March 19, 2018 / 12:31 AM / a year ago

BOJ members say bank should stick with QE, worried about yen

TOKYO (Reuters) - Japan’s central bank policymakers said it needs to stick with quantitative easing with inflation still well below its 2 percent price target, a summary of opinions of board members at the last rate review showed on Monday.

FILE PHOTO: A Japanese flag flutters atop the Bank of Japan building under construction in Tokyo, Japan, September 21, 2017. REUTERS/Toru Hanai/File Photo

One Bank of Japan board member said further yen strength and stock declines could curb capital expenditure and consumer spending, which could delay hitting the inflation target, the summary showed.

At the March policy meeting, the BOJ kept monetary settings unchanged and its chief brushed aside speculation of an early exit from quantitative easing..

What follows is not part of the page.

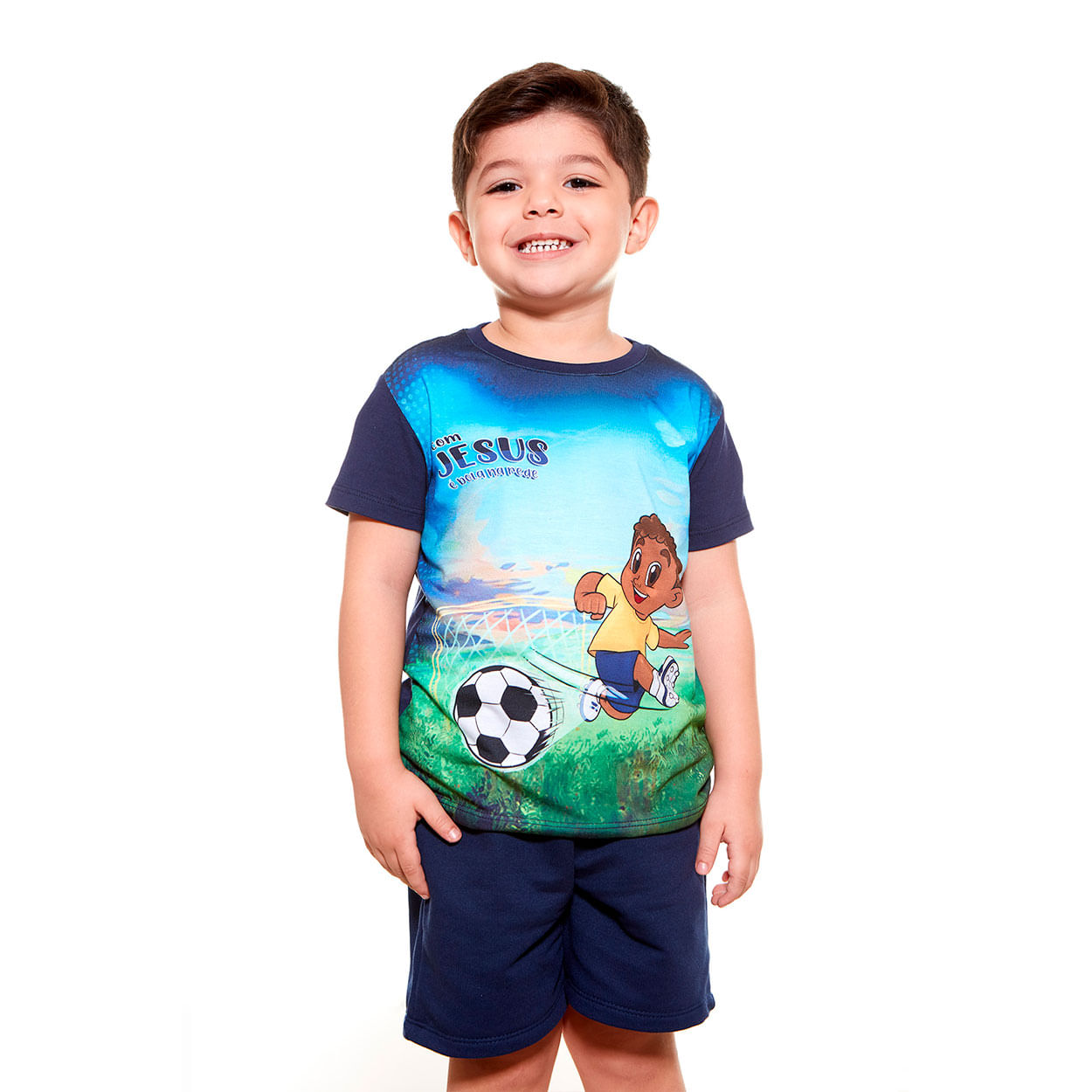 Conjunto infantil Com Jesus é Bola na Rede AKJ9617 - AZ Marinho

“There is no change in the judgment that it is necessary to continue pursuing powerful monetary easing with persistence so that highly accommodative financial conditions are maintained,” one board member was quoted as saying.

The BOJ releases a bullet-point summary of the opinions voiced by the board members at its policy meetings roughly a week after they are held. The views do not identify whose opinions they are. A more thorough minutes of the debate will be issued several weeks later.

The BOJ is not at a point where it can consider normalizing policy, but the BOJ should explain that normalizing policy is not the same as tightening policy, one member said.

This remark underscores the communication challenge the BOJ faces, as subdued inflation forces the bank to maintain its massive stimulus despite the rising costs of the policy, such as the hit to bank profits from near-zero interest rates.

The yen JPY= has risen around 6 percent versus the dollar and the Nikkei share average has fallen around 5 percent so far this year, partly due to uncertainty about the course of U.S. monetary policy.

A rising yen tends to worry Japanese policymakers because it can reduce exporters’ earnings and increase deflationary pressure by lowering import prices.

Consumer sentiment also tends to weaken during a period of prolonged declines in stock prices.